WHAT YOU ARE ASKED TO DO.
Copy down the listing below exactly, please, including every line.

DATA PROVIDED.
######
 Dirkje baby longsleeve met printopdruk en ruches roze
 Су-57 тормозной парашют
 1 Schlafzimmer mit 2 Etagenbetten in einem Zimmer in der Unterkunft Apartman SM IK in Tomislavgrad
######
SOLUTION TO THIS EXERCISE.
 Dirkje baby longsleeve met printopdruk en ruches roze
 Су-57 тормозной парашют
 1 Schlafzimmer mit 2 Etagenbetten in einem Zimmer in der Unterkunft Apartman SM IK in Tomislavgrad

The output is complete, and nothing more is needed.